Monday, August 02, 2004

Home and Homeliness

I never realized how ghetto my hometown has become until this, my most recent trip home. Seeing as how my parents technically live out of town (by 80 feet, if you want to get technical), unless I actually venture into city limits, I can go an entire visit and not actually see the town. But last night, when we decided to have family pizza and movie night, I went to the video store and realized I was surrounded by dirty, mean, and possibly high people. No longer do I recognize anyone (both good and bad...first time ever more bad than good) and I've noticed a larger than usual influx of St. Louis people for the summer, which tends to bring inflated gas and grocery prices as well as an increased incidence of opportunistic crime. This means that once I return to Murray, you'll see me locking things up like crazy...which will likely be nothing unusual. Tomorrow morning, I'm taking Grandpa out for a Chinese buffet lunch. It'll be interesting to see what home looks like in the morning, weekday light.

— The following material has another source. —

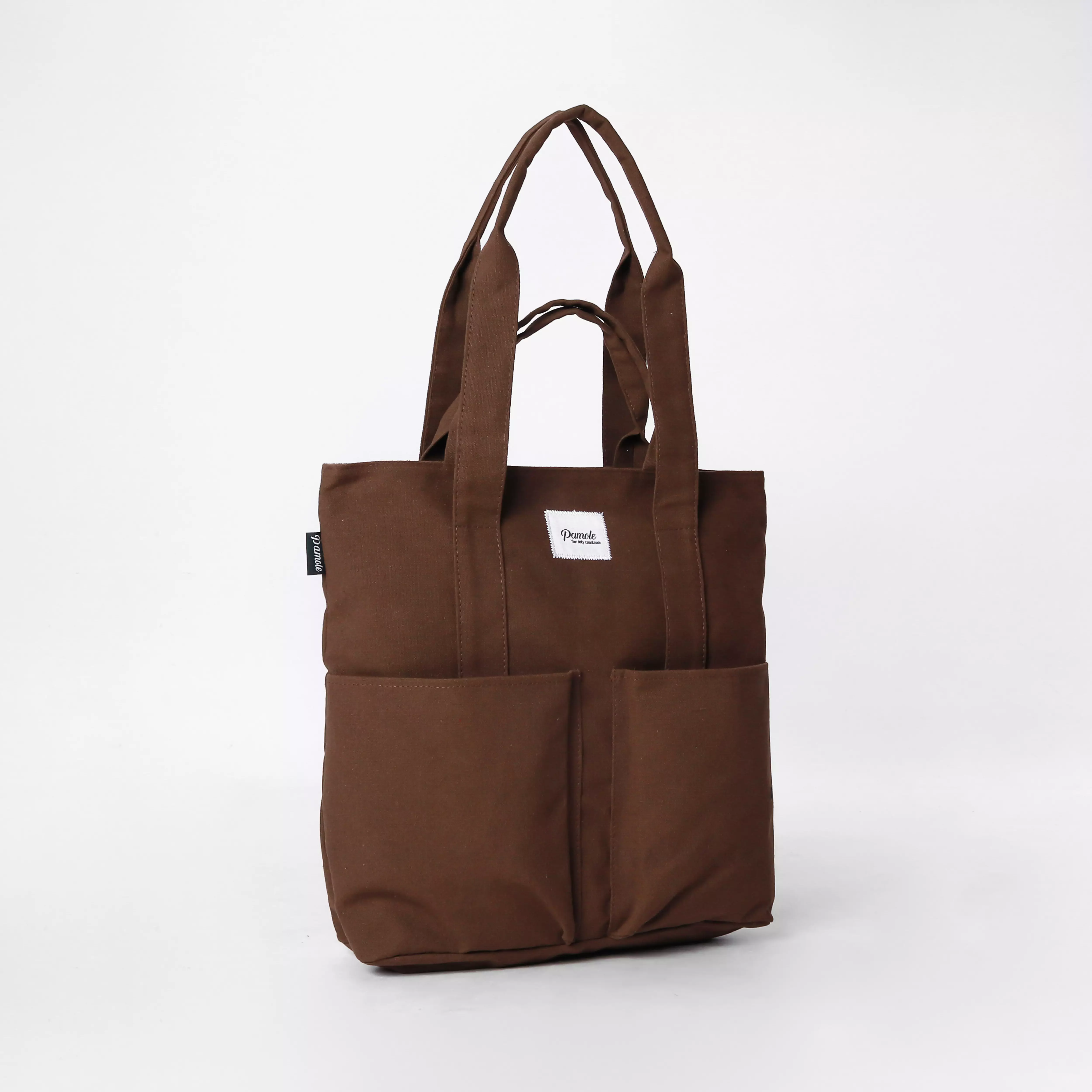 Jual Pamole Pamole - Totebag Kanvas Penutup Resleting - Tote Bag Emma ...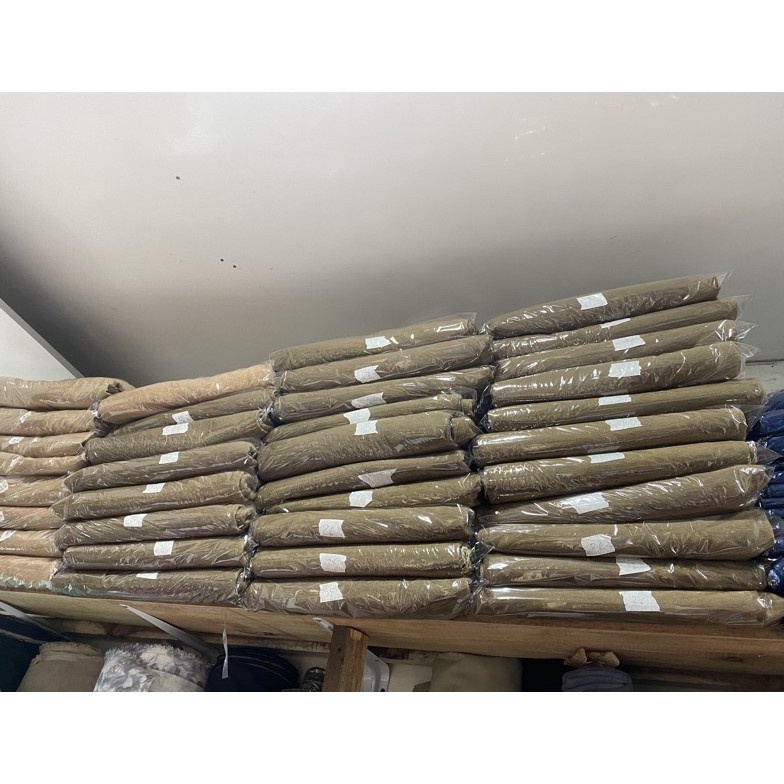 KODE M14Y bahan kain jeans washed coklat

It's always interesting to look through my closet and drawers and the things on my computer to see what I was into/wearing/doing in the past. Going to my room is like opening a time capsule. So far I've remembered that back in the day I really liked Cool Water Perfume (but not the lotions that came with it), Nintendo Power magazines, and Isaak Asimov books. I'm also reading long-since abandoned message boards which are now...let's just say it's obvious why I abandoned them. I've found a bunch of cds and videos (I joined the dvd era long after leaving home) that I wouldn't mind taking back to Murray with me. But tonight, before it gets really later or before I find something to really be embarassed about...like all my Cher cds...I am going to my big, soft, plaid bed.